L'objet de ce courrier du ministre du Logement Patrice Vergriete adressée aux préfets le 11 octobre dernier, que l'association des maires de France a elle-même révélée au grand public, fait en effet référence aux intercommunalités - communautés de communes, d'agglomération, métropole - et non aux communes.
Pis, selon nos informations, l'expression « bloc intercommunal », également contenue dans cette missive, n'est pas du tout passée auprès des maires qui lui préfèrent le terme technique de « bloc communal ».
La porte est ouverte pour Woerth, missionné sur la décentralisation
Une autre lettre, cette fois une lettre de mission signée du président de la République et adressée au député (Renaissance) de l'Oise Eric Woerth pour avancer en matière de décentralisation, suscite, là aussi, l'intérêt des maires, mais dans le bon sens.
« Nous sommes à sa disposition pour faire des propositions mais nous devons y retrouver les concepts de liberté, de responsabilité et de subsidiarité », a déclaré le président de l'AMF David Lisnard. Par subsidiarité, il faut entendre « la responsabilité d'une action publique, lorsqu'elle est nécessaire, revient à l'entité compétente la plus proche de ceux qui sont directement concernés par cette action ».
Interrogé par La Tribune sur la réelle portée de cette lettre, David Lisnard baisse la voix : « On ne peut pas fermer la porte. Eric Woerth est un homme intelligent qui connaît très bien le mandat local (maire de Chantilly de 1995 à 2017, Ndlr), le travail législatif (député de l'Oise depuis 2002) et qui a été ministre (de Chirac et de Sarkozy) », répond le porte-parole des maires depuis novembre 2021.
Avant de poursuivre, plus politique: « Nous allons y contribuer et saisir cette chance après sept ans d'annonces contradictoires ou d'annonces dont nous ne voyons pas les effets.». Eric Woerth, qui l'a appelé en début de semaine, lui aurait même dit qu'il n'allait pas travailler sur le nombre de strates. David Lisnard peut donc dormir tranquille au moins les six mois de la mission parlementaire: a priori, les communes ne seront pas supprimées.
Il n'empêche: « le millefeuille, c'est bon pour les pâtissiers » a aussitôt asséné son premier vice-président délégué (PS), André Laignel, figure historique de l'association. Autrement dit, que l'exécutif arrête de se préoccuper du nombre de niveaux de collectivités, sachant que « tous les autres pays ont au moins trois niveaux: communes/départements/régions.
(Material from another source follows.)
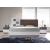 The Sanremo A LED Panel Bedroom Set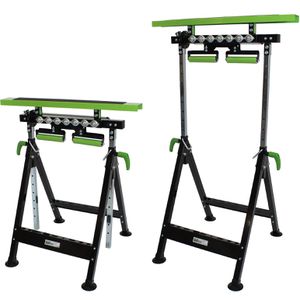 Produktbild für Arbeitsbock Trutzholm 32640, Multifunktionsbock, bis 200 kg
La seule originalité française, c'est le nombre de communes ».
Une énième mission parlementaire ?
Le maire d'Issoudun (Indre) depuis 1977 s'agace surtout de cette énième mission confiée à un parlementaire. Cela fait des années que nous faisons des propositions au gouvernement. On peut les lui envoyer, affirme André Laignel. Ca a été fait hier soir, réplique... David Lisnard. « Je suis un optimiste invétéré, mais permettez-moi un doute raisonnable (quant à la concrétisation d'un tel rapport, Ndlr) » rétorque son acolyte socialiste.
Quoiqu'il en soit, le chef de l'Etat n'a, lui, pas encore confirmé ou infirmé sa présence en ouverture ou en clôture du congrès des maires 2023. L'an dernier, c'est une Première ministre Elisabeth Borne qui était venue leur promettre de la TVA et de la simplification en pleine crise de l'énergie quelques mois après le début de la guerre en Ukraine. Le contexte géopolitique international ne s'est pas amélioré depuis, la vie publique franco-française non plus...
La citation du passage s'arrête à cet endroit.